Very clever! VERY clever. Photo via Facebook/PIPSC SP Group

When asked about their position, the NDP pointed at previous statements that also say it will immediately restore the long-form census so that it'll be ready for 2016, "work to re-establish scientific capacity in government departments, including Environment Canada and the Department of Fisheries and Oceans," create a science advisory-type office and invest $105 million [$81 million USD] over five years in post-secondary research.
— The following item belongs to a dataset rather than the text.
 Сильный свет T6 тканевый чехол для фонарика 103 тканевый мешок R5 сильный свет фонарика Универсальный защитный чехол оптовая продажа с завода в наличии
"In the face of overwhelming evidence of climate change, Stephen Harper made it his priority to muzzle scientists and to stop leading experts from sharing important scientific information whenever it didn't suit Conservative ideologies and objectives," NDP leader Thomas Mulcair said in a statement from September. "An NDP government will reverse this alarming trend and promote the voice of Canada's scientists, as they are key to the health and safety of Canadians."
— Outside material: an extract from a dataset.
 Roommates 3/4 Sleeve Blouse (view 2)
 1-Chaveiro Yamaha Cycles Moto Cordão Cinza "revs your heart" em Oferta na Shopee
NDP environment critic and Halifax candidate Megan Leslie also took a swipe at the Conservatives' industry-focused approached during the Quirks and Quarks debate, accusing them of abandoning the Polar Environment Atmospheric Research Laboratory in favor of the Canadian High Arctic Research Station, which focuses on natural resources. And even industry partners are noticing the cuts to federal science, Leslie said.
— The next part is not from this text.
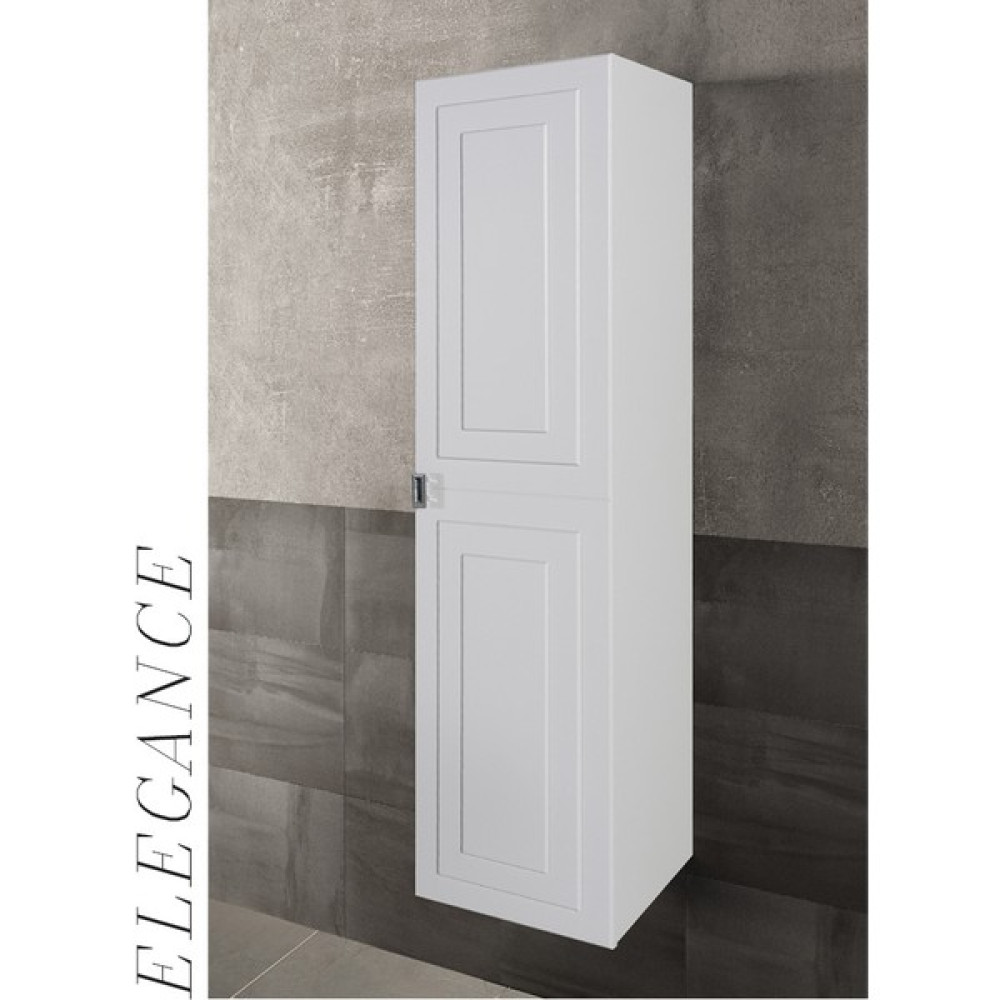 Rovalli Elegance Banyo Boy Dolabı Beyaz - Elegance Banyo Boy Dolabı Beyaz ELEGANCE02 - Beyaz Abanoz Banyo Dolabı / Mobilyası Fiyatı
"I kid you not, I have had industry sit at the table with me and say, 'Please, if you do become a part of forming government, will you please hire more people at the Department of Fisheries and Oceans and at Environment Canada because there's no one left, there's no capacity,'" she said.

The Liberals say if they form the next government, federal scientists will be able to speak freely about their work "with only limited and publicly stated exceptions" and that they'll create a portal where the public can access federal science. The Grits also plan on undoing several of the Harper government's budget cuts, including $40 million [$30 million USD] to the Department of Fisheries and Oceans and $25 million [$19 million USD] to Parks Canada, and like the Greens and NDP, install a Chief Science Officer.

"Government should base its policies on facts, not make up facts based on policy," a Liberal Party backgrounder document reads. "Without evidence, government makes arbitrary decisions that have the potential to negatively affect the daily lives of Canadians."


Liberal NDG-Westmount candidate and former astronaut Marc Garneau echoed the sentiment in the Quirks and Quarks debate, saying the government's been sending "a message that ideology can be more important than actual scientific evidence." Garneau was also critical of the Conservatives allotting funds to certain endeavors, and when Goodyear countered with the fact that it's other scientists, not the government itself, who review applications and decide who gets grants, Garneau said the government still "[sets] the tone."

"The government should not play God with respect to science and decide which science is more important than others. That is a short-sighted approach to scientific research," Garneau said.

Like everything in this election, it's a game of numbers of promises when it comes to the future of science on October 19, but it basically boils down to this: a party that highly values commercialization and industry partnerships, and three parties that want to bring back what's been lost over the past decade. It's worth noting that the Greens, Liberals, and NDP aren't anti-economically-profitably science—all three mention "clean" or "green" jobs in their platforms. But even if the NDP, Liberals, or Greens (haha, kidding) emerge victorious on October 19 and follow through with their promises, Gibbs said it would still take some time before Canadian government science will be back on its feet.

"Things have gotten so bad. It's going to be very hard to fix them," she said. "But this is a good first step to reversing the trends we've seen in the past few years."